(Yugoslavia v. Belgium)
Case Citation: 1999 I.C.J. 105 (Apr. 29)
Also see: http://www.icj-cij.org/docket/files/105/7155.pdf
- Kosovo was an autonomous province that was within Serbia.
- Kosovo was populated with ethnic Albanians who wanted independence, but Serbia didn't want them to leave.
- The Serbian military began attacking Kosovar rebels (KLA) as well as civilians.
- France, Germany, Russia, the US, UK and Italy all pressed for negotiations to end the conflict.
- The Rambouillet Agreement was proposed.
- United Nations Resolution 1199 was passed, which stated that if the sides did not stop fighting, the UNSC would consider further action.
- Both the KLA and the Serbs ignored this threat and continued fighting.
- Eventually, however, the KLA accepted the terms of the Rambouillet, but the Serbs did not.
- NATO began bombing Serb targets in Serbia as well as in Kosovo.
- NATO took action unilaterally -- there was no resolution by the UN that authorized this use of force.
- Question: Why did NATO not get UNSC authorization?
- Answer: It would have been vetoed by Russia.
- Russia, China and Namibia tried to get a UNSC resolution passed condemning the actions of NATO, but it was voted down.
- NATO claimed that this was a de facto authorization.
- None of the NATO countries had been attack, and this conflict was internal, therefore Article 2(4) of the United Nations Charter was not applicable.
- NATO claimed that the action was humanitarian, and the Serbs were in violation of customary international law by attacking the KLA. NATO claimed there was a chance of spillover into a NATO country.
- Serbia sued NATO in the International Court of Justice (ICJ).
- Serbia made the argument that NATO had violated international law by intervening in the internal affairs of Yugoslavia by bombing and equipping the KLA. This is a violation of Article 2(4) and Article 2(7).
- Serbia also argued that NATO's real motive was in fact geopolitical and that there was no precedent of basis in international law for humanitarian intervention.
- Furthermore, Serbia claimed that there was no collective self-defense argument to be made under Article 51 of the United Nations Charter. This was because Serbia was not attacking anyone outside of Serbia.
- NATO, however, pointed to recent customary international law as well as the need to prevent an ongoing humanitarian catastrophe, the vote against condemning the attack as well as UN resolutions that told Serbia to stop attacking.
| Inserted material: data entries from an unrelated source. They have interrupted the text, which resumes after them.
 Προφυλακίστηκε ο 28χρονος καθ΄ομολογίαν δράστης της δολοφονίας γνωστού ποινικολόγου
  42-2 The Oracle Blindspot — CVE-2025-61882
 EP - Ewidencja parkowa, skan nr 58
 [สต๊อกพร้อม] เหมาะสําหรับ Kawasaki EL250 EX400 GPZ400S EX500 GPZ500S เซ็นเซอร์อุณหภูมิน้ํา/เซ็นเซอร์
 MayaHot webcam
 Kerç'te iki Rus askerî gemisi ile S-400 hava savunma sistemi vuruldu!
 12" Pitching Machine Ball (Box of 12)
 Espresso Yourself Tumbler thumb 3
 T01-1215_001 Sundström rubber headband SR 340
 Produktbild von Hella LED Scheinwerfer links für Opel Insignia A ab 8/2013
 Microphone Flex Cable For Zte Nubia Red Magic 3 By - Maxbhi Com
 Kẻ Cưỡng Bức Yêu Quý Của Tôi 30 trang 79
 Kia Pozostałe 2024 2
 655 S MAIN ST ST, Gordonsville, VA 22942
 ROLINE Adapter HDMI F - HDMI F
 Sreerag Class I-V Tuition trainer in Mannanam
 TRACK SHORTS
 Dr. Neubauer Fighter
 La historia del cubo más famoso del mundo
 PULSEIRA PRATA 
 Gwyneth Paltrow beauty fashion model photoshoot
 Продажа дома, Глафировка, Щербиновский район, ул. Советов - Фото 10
- NATO made the argument that there was a state of necessity because the war needed to be stopped before it became bigger and engulfed other countries.
A state of necessity is a cause that justifies the violation of a binding rule in order to safeguard, in the face of grave and imminent peril, values which are higher than those that are protected by the rule that has been breached.
Was there a state of necessity in this case. Under the state of necessity, acts taken must be proportionate, were the bombings proportionate?
Under Article 51, as long as the UNSC has not taken action, regional organizations such as NATO can take action for the maintenance of peace.
However, these actions can not be an enforcement action, or it would be covered under Article 53.
- NATO's argument was that it was a humanitarian issue and it wasn't designed to impact the sovereignty of Yugoslavia, therefore it was not covered by Article 2(4).
- Furthermore, NATO argued that the UNSC voted on a resolution to condemn the bombing, but it did not get the votes to pass. Therefore, this looks like an authorization.
- NATO pointed to Resolution 1244 subsequent to the bombing. The resolution welcomed the political settlement. This is somewhat like a retroactive post-fact approval of the use of force.
- The ICJ stated that they did not have jurisdiction to hear the case.
- The ICJ stated that in order to have jurisdiction to hear the case, Yugoslavia would have had to accepted compulsory jurisdiction under Article 36(2) prior to the events occurring.
- Yugoslavia did not accept jurisdiction when the bombings occurred so they could not bring a case to the ICJ.
- Furthermore, the ICJ noted that NATO's actions had not been carried out with the intent to destroy a national, ethnic or religious group and, as a result, the ICJ could not claim universal jurisdiction under the Genocide Convention.